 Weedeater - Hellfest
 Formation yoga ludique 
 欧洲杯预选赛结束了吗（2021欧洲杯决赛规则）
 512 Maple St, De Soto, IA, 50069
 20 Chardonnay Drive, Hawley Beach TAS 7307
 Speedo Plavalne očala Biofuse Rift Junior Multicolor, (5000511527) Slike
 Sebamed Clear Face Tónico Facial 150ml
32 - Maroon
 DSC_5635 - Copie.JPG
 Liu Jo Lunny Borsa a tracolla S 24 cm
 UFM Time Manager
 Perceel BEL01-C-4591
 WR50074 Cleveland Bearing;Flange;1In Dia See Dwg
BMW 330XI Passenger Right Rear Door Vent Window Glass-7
...
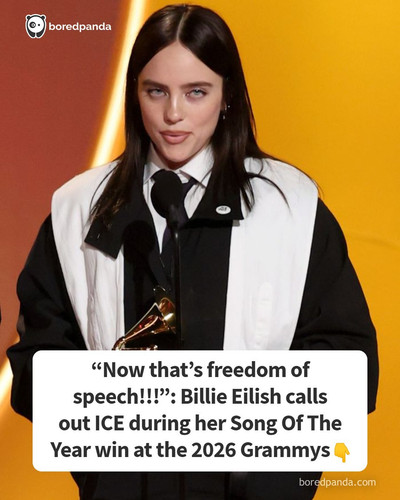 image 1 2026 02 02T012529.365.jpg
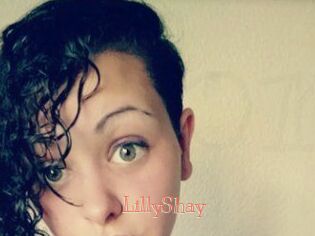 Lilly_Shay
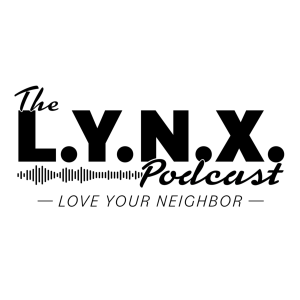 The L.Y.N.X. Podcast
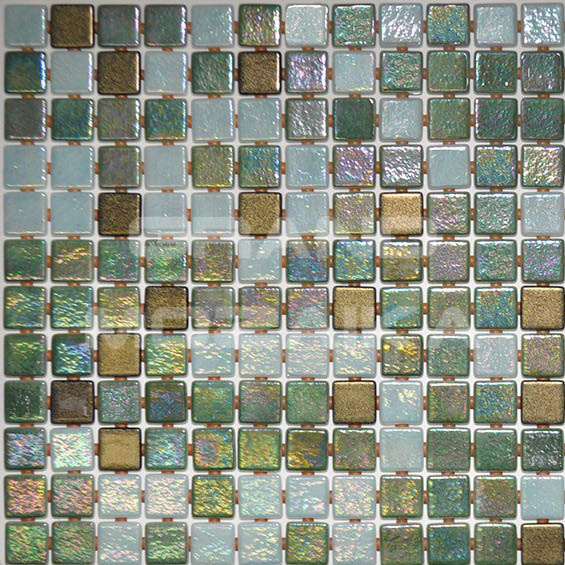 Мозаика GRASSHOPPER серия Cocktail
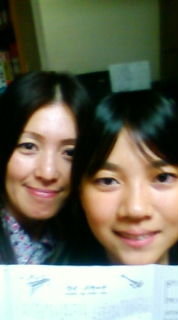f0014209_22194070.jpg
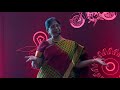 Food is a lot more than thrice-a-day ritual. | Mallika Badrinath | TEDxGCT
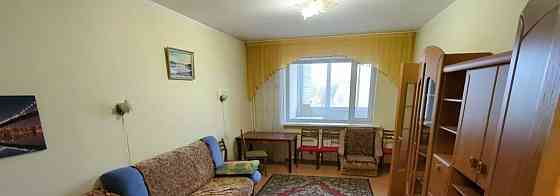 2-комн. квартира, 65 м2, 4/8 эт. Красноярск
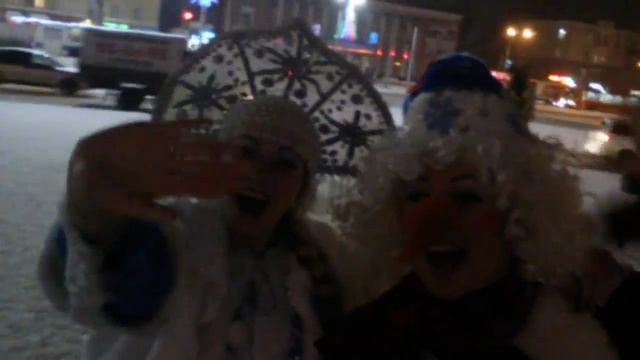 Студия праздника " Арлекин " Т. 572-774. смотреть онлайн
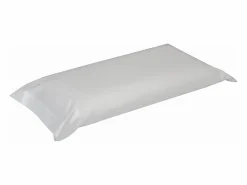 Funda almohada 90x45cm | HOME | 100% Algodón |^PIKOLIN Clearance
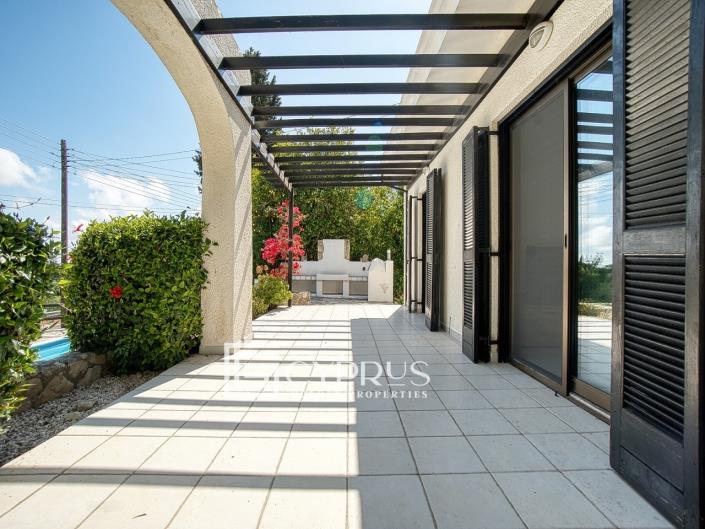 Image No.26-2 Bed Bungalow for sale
---
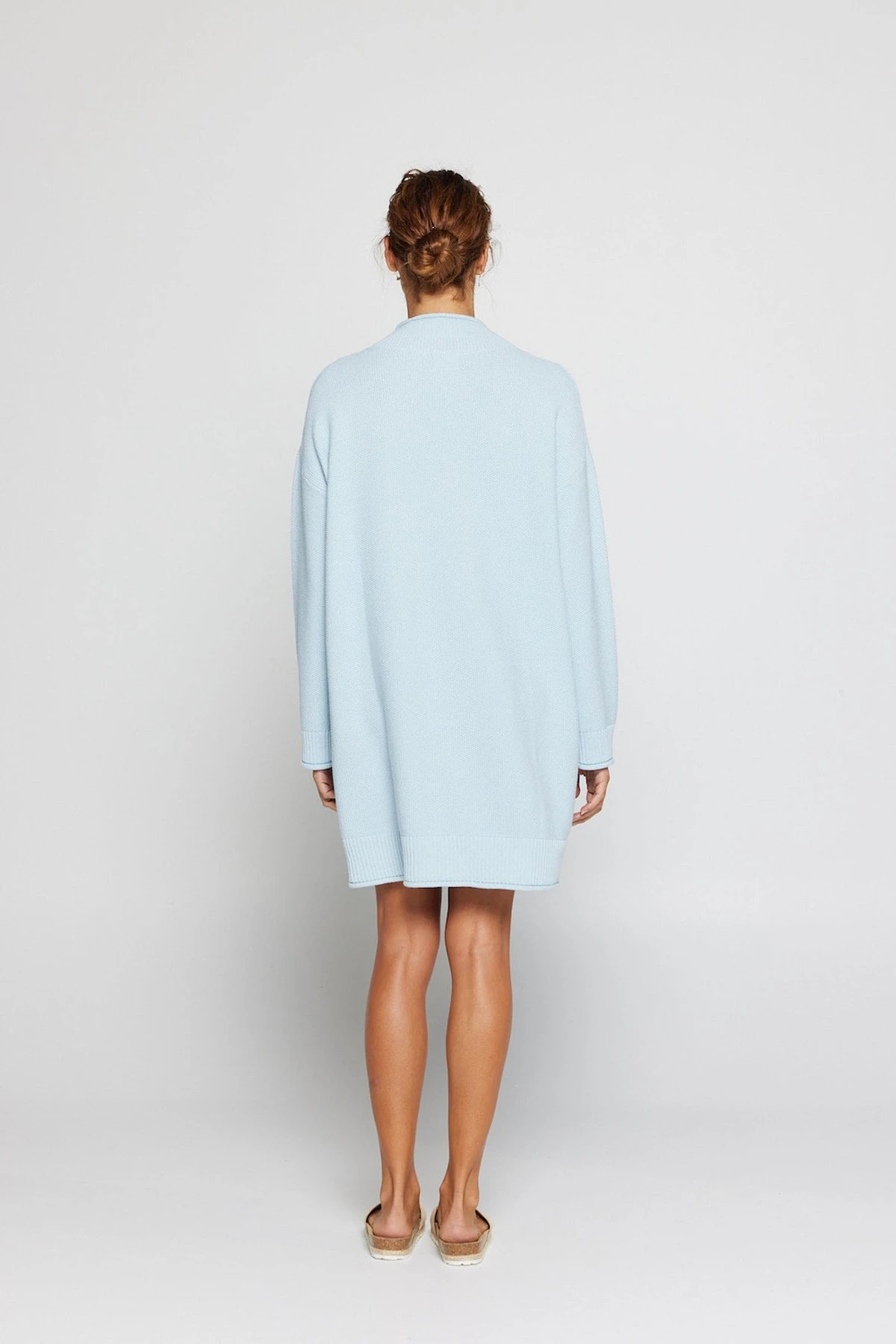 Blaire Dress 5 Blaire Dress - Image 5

WORK INSTRUCTIONS: Using the data above, extract exactly the lines from the one that holds "Weedeater - Hellfest" to the one that holds "UFM Time Manager", both ends included, and no others.

EXERCISE OUTPUT:
 Weedeater - Hellfest
 Formation yoga ludique 
 欧洲杯预选赛结束了吗（2021欧洲杯决赛规则）
 512 Maple St, De Soto, IA, 50069
 20 Chardonnay Drive, Hawley Beach TAS 7307
 Speedo Plavalne očala Biofuse Rift Junior Multicolor, (5000511527) Slike
 Sebamed Clear Face Tónico Facial 150ml
32 - Maroon
 DSC_5635 - Copie.JPG
 Liu Jo Lunny Borsa a tracolla S 24 cm
 UFM Time Manager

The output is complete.